A bord, sous la mer, tout est différent. L’espace, la lumière, l’ouïe, l’odorat, les raisonnements… L’espace dont on dispose est extrêmement réduit. Pour donner une idée, Le Redoutable, qui a été le premier SNLE construit par la France et sur lequel j’ai travaillé, mesure 128 mètres de longueur sur 10,60 mètres de largeur. La partie tranche missile où je travaillais fait 50 mètres de long à peu près et nous étions 10. La cafétéria 30-40 mètres. Une chambre pour 9 personnes 9-10 mètres. Je dirais que chaque homme dispose d’1m2 à 1,5m2 auquel il faut ajouter les pupitres les consoles de visualisation les manettes de contrôle… Il y a donc une grande promiscuité. L’équipage est d’ailleurs composé uniquement d’hommes. Il y a eu des expériences avec des équipages mixtes notamment par les Anglais mais qui n’ont pas fonctionné. Des hommes peuvent s’accrocher verbalement, après c’est terminé. Il y a des sujets de conversations qui ne sont pas abordés pour éviter les conflits… comme le religieux, le politique. Chacun dispose d’un caisson de 30 cmx30 pour ses effets personnels.  On n’arrive pas avec 15 valises ! Chacun a un sac avec juste le nécessaire. Il y a une buanderie pour l’entretien des effets personnels et une penderie commune. Il n’y a pas de coiffeur à bord mais certains copains manient la tondeuse

Il n’y a pas d’air frais… Chaque matin en me levant, je ne peux pas ouvrir la fenêtre et voir le ciel. L’air que l’on respire est le même au départ et à l’arrivée 3 mois plus tard même s’il est purifié. Sur les sous-marins classiques, l’air est chargé d’odeurs de gasoil, de graisse, de transpiration…

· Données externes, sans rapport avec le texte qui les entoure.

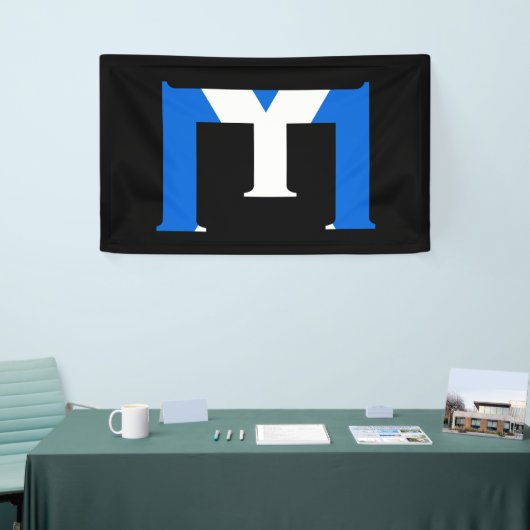 E Monogram overlay op Schotse vlag (v) brcnt Spandoek (Beurs)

Il n’y a pas non plus de lumière naturelle. La lumière est artificielle, dans la zone vie, soit blanche soit rouge pour marquer le jour et la nuit. Elle est toujours blanche en tranche missile car quelle que soit l’heure il faut pouvoir intervenir de façon immédiate. D’ailleurs, on ne voit rien à l’extérieur. Au-delà des 10-12 mètres tout est noir.

Comment concilie-t-on temps de travail et temps de repos en mission ?

La mission est jalonnée d’exercices, d’alertes et de temps de repos. Sur Le Tonnant j’étais responsable du comité de distraction. Nous célébrions les événements comme le 14/07 et le 25/12 avec les moyens du bord. Pour un 14/07 j’avais organisé un défilé avec char, avion avec ravitaillement en vol, troupe à pied, qui a duré près d’1 heure. Le char avait été réalisé avec des cartons volés au commis de cuisine. Pour un 25/12, j’ai organisé un crèche vivante. Il y a des activités collectives qui sont en général organisées de 14h à 18h : chant, musique, sport… Chaque jour à 15h, il y a une projection de film. Il y a aussi les activités individuelles. Chacun amène une maquette, un livre, un DVD… Selon le lieu où se trouve le sous-marin, on pourra faire du bruit ou on devra être silencieux.

Comment se passe la sortie après 3 mois de confinement ?

On ne peut pas reprendre une activité normale d’un seul coup, ce serait dangereux. Pendant 3 mois, la vue s’est adaptée à un espace limité. C’est la raison pour laquelle il est fortement recommandé de ne pas prendre le volant les premiers jours. Le cerveau est aussi beaucoup plus lent. Les bruits de l’extérieur sont insupportables. Quand on ouvre le panneau, l’air a des odeurs incroyables, saoule, enivre. Cette expérience professionnelle marque pour la vie. C’est sans doute la raison pour laquelle, à titre personnel, je supporte bien la situation actuelle de confinement provoquée par le COVID-19.